29 March 2005

[design, tools] Massive Adobe Creative Suite Chatter

In the interests of full disclosure, nota bene that I am an irregular contributor to QuarkVsInDesign.com

Accoding to this post on the QuarkVSInDesign site. details of the improvments to Adobe's signature Photoshop application, dubbed Photoshop CS2 (the second release of Photoshop under the Creative Suite banner, essentially Photoshop 9) have been leaked to the world.

Apparently what happened is that someone accidentally posted a press release at Adobe. Think Secret and AppleInsider both pounced on it. Cue QuarkVSInDesign, a website devoted to covering what we like to call "Desktop Publishing War II".

There's some mighty tasty features there. If this is the sort of thing you like, go look via the link above, which has links to the two rumor websites as well as a link to a PDF (appropriate?) of the press release.

As May comes closer, I also understand we are to expect the full release of the whole Creative Suite 2. Some feel this sets the stage for a marketing hearts-and-minds battle that will be joined in full when Quark, Inc finally releases XPress 7. The best I've been able to find out is "sometime this year", in a stream of rumor and chatter that is utterly devoid of XPress 7 screenshots.

That's where it's gonna be for me. See, some time ago I vaguely remember chatter that a goal for Quark was to make
XPress 7 "more InDesign-like". As far as I'm concerned, interface is all, or nearly all. The look of the Adobe apps go for a common theme and a common look and atmosphere. With the preponderance of positive press that Adobe has gotten over the Suite, the well-designed interface of Photoshop, InDesign, and Illustrator reinforce an overall positive user experience.
It feels modern and up-to-date.

QuarkXPress, on the other hand got a great facelift when it moved out of the Classic shell and into a spiffy new Aqua outfit. But it was still the old QuarkXPress; the palettes were still the same palettes, the toolbox was still the same toolbox. It still, even with PSD Import and QuarkVista, feels like release 3, 4, and 5.

XPress 3 was released back in 1990. You didn't misread that: Nineteen Ninety. Xpress 4 was the version you encountered between 1997 and 2002...that's five years with nothing more than a point update. The front end of QuarkXPress hasn't significantly changed in fifteen years.

Here's Quark's dilemma. They not only have to update the application, to make it relevant to layout artists and prepress pros in a world where Adobe offers such long sought-after features as native transparency support (QuarkXPress users: no clipping paths!!!), built-in PSD support, and superior PDF output, but they also have to make XPress users feel like they're moving into the future in all ways. And that happens when the interface design evolves along with the program. Adobe users already feel this way.

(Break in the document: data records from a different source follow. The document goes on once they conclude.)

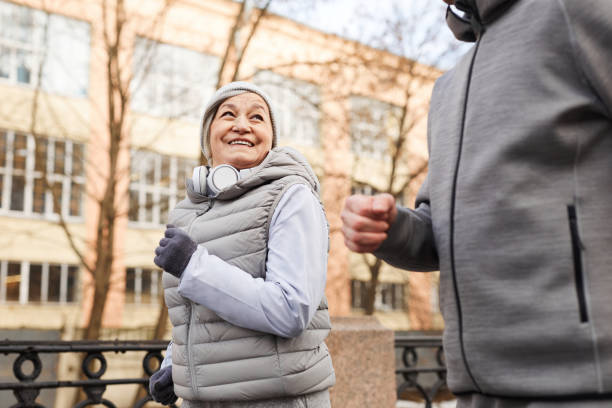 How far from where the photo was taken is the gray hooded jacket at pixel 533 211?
1.17 metres

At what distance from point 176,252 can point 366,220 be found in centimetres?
95

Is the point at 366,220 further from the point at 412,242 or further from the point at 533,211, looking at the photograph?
the point at 533,211

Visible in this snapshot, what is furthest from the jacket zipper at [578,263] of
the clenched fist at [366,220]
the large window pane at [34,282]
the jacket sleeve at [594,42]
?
the large window pane at [34,282]

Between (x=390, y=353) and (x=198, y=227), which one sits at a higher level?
(x=198, y=227)

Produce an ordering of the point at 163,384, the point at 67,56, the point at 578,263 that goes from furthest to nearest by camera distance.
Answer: the point at 67,56 < the point at 163,384 < the point at 578,263

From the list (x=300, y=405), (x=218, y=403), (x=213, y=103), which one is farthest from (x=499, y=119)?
(x=213, y=103)

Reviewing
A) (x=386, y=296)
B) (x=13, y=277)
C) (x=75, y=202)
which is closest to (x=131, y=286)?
(x=75, y=202)

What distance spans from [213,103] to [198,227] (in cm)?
70

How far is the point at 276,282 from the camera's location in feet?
6.81

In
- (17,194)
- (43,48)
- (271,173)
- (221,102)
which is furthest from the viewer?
(17,194)

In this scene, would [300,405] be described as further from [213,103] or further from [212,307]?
[213,103]

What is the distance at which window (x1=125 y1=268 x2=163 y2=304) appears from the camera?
2255 centimetres

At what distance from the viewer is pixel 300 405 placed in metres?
2.08

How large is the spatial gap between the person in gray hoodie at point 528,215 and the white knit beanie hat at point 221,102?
4.81ft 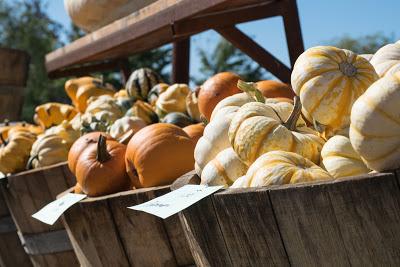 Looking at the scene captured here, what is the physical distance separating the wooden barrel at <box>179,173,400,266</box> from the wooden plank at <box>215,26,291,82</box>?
1790 millimetres

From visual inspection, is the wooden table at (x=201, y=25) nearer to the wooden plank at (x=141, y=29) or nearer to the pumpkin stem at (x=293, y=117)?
the wooden plank at (x=141, y=29)

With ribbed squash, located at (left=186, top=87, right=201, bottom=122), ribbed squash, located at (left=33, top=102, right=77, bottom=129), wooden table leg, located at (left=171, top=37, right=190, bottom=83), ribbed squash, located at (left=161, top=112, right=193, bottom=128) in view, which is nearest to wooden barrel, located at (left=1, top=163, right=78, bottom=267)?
ribbed squash, located at (left=161, top=112, right=193, bottom=128)

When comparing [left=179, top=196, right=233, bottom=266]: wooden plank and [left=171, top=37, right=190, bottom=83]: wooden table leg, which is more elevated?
[left=171, top=37, right=190, bottom=83]: wooden table leg

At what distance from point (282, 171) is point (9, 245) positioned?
280cm

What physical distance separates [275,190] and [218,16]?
168 cm

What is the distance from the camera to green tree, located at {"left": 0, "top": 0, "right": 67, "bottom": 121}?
949 inches

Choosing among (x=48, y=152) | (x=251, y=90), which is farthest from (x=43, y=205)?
(x=251, y=90)

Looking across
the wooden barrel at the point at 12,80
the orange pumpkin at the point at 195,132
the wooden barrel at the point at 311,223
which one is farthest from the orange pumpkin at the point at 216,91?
the wooden barrel at the point at 12,80

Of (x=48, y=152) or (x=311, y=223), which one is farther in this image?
(x=48, y=152)

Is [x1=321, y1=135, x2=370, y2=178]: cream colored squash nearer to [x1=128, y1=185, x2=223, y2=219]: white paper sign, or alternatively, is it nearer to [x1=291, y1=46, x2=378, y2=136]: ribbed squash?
[x1=291, y1=46, x2=378, y2=136]: ribbed squash

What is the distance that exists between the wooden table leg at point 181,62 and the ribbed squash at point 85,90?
0.59 metres

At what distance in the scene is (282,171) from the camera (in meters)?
1.38

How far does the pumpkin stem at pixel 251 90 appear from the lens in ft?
6.41

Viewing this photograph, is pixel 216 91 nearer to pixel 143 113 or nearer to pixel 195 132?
pixel 195 132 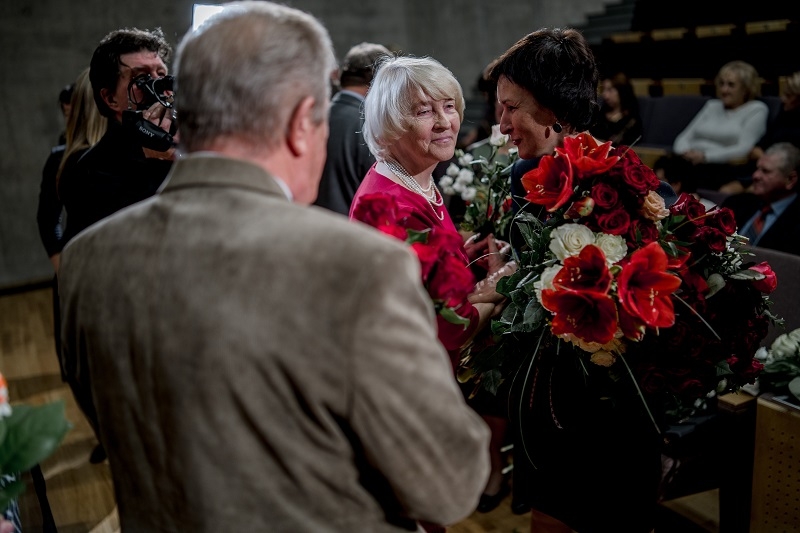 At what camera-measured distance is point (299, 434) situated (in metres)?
→ 0.84

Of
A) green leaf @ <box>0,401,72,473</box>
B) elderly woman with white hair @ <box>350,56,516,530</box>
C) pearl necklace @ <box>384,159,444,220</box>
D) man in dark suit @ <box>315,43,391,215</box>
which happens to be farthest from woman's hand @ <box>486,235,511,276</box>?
man in dark suit @ <box>315,43,391,215</box>

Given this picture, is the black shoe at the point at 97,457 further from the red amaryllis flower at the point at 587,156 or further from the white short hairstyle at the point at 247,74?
the white short hairstyle at the point at 247,74

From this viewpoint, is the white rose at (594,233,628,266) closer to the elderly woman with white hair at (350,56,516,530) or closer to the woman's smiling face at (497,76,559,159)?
the elderly woman with white hair at (350,56,516,530)

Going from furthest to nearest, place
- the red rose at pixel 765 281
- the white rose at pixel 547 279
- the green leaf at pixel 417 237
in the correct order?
the red rose at pixel 765 281 → the white rose at pixel 547 279 → the green leaf at pixel 417 237

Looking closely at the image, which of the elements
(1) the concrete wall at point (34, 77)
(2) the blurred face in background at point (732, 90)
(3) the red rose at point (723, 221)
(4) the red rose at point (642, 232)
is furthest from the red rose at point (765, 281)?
(1) the concrete wall at point (34, 77)

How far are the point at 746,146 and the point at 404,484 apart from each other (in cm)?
471

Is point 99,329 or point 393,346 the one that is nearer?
point 393,346

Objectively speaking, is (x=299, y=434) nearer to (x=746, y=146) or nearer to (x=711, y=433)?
(x=711, y=433)

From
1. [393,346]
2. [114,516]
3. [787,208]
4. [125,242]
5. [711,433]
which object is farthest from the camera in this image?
[787,208]

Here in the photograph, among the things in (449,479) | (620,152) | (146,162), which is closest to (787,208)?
(620,152)

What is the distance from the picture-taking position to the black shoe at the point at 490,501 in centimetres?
264

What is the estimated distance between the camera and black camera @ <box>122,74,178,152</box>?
6.56 ft

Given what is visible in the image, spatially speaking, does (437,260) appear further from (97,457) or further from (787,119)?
(787,119)

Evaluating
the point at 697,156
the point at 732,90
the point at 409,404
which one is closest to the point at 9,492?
the point at 409,404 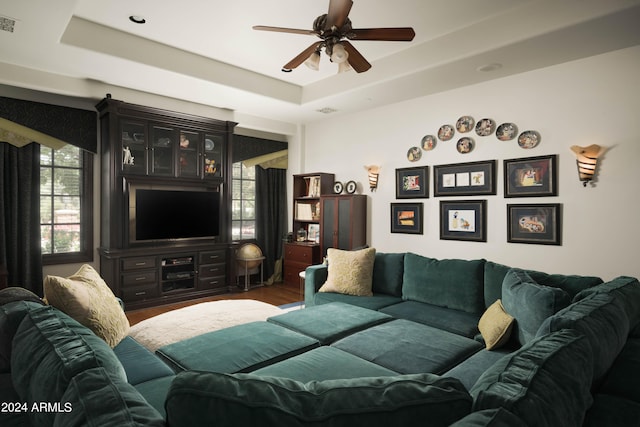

I predict (I have no info to base this on, just a hunch) that QuarkXPress's interface will evolve with 7. I think we'll be working in an XPress that looks a lot like InDesign. Quark has a great negative legacy it's trying to live down; so far, with the new XTensions, the free upgrades, and the quick and courteous email support, they've made strides. But it still, so far, is a qualified success at best; PSD Import and QuarkVista aren't perfect, and email support quality has been hit-and-miss.

Quark could add even more spiffy new features (like inline drop shadows), but unless Quark scores major style points, Adobe will increase its lead over Quark, because in Adobe you get Viper styling at a Saturn price, instead of Quark, which gives you Saturn styling at a Viper price.

2 comments:

Anonymous said...

Wait no longer.

QuarkVSInDesign.com has all the details of the new InDesign CS2--as well as CS2 versions of all the Adobe point products. The news broke tonight!

Samuel John Klein said...

Pariah:

Thank you. Without your considerable generosity, much would be impossible.